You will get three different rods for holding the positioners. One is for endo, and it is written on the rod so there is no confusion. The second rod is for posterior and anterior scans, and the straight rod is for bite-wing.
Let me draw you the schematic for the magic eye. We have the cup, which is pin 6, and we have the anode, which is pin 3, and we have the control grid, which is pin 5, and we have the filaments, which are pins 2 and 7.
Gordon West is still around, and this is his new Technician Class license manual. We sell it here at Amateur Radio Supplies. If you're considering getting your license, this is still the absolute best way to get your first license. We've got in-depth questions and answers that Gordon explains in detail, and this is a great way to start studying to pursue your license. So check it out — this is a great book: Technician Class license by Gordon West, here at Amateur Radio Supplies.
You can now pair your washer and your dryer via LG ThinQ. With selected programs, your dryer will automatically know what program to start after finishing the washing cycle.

···

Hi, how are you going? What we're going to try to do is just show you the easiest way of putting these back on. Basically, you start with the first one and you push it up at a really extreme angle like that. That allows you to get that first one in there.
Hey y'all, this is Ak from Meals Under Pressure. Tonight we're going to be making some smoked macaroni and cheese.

···

Among the entries, how many lines include the word "there"? Give only the number.

2